**** Source data ****

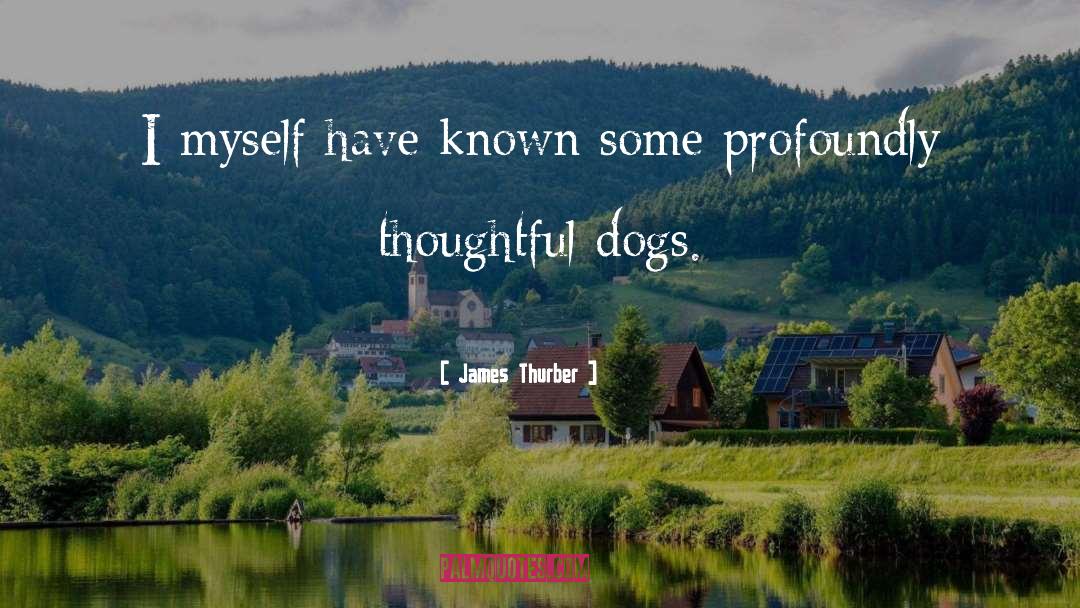 Oggie Dog quotes by James Thurber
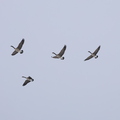 383A1096.jpg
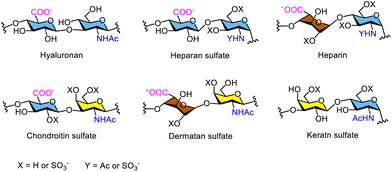 image file: d5py00938c-f7.tif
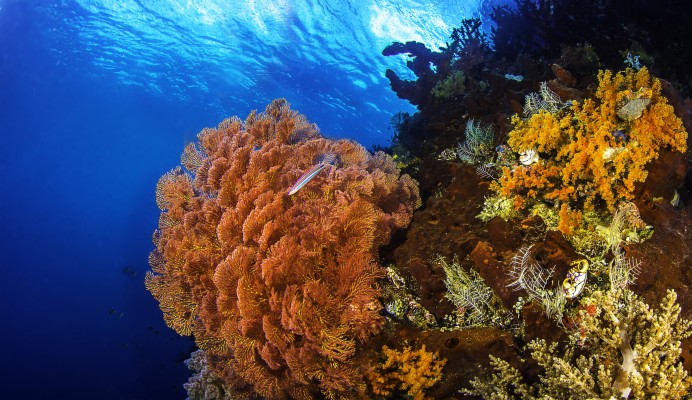 Coral Reef In Sea Bed - 5985x3456 Wallpaper - teahub.io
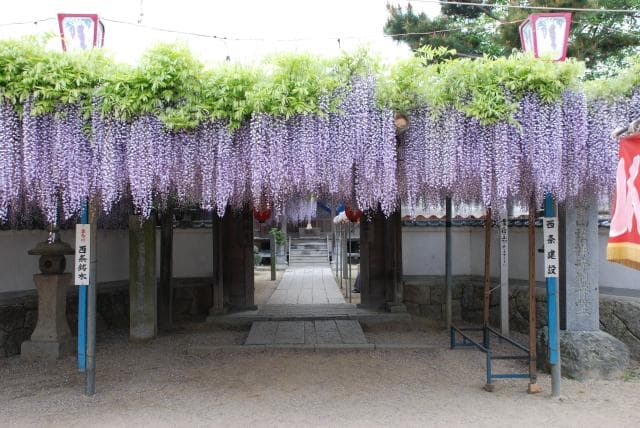 Kannondo no wisteria
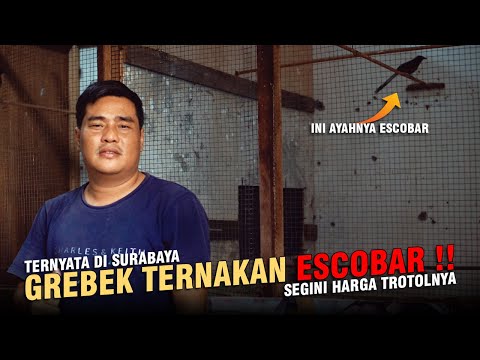 [ BIANG KEROK Jr BF ] Grebek Penangkar Murai Escobar !! Ternyata Ada di Surabaya dan Segini Harganya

****

[Required work] Repeat word for word, and nothing more, the lines between the line containing "image file: d5py00938c-f7.tif" and the last line of the records above, inclusive, without pictures.

[Response area]
 image file: d5py00938c-f7.tif
 Coral Reef In Sea Bed - 5985x3456 Wallpaper - teahub.io
 Kannondo no wisteria
 [ BIANG KEROK Jr BF ] Grebek Penangkar Murai Escobar !! Ternyata Ada di Surabaya dan Segini Harganya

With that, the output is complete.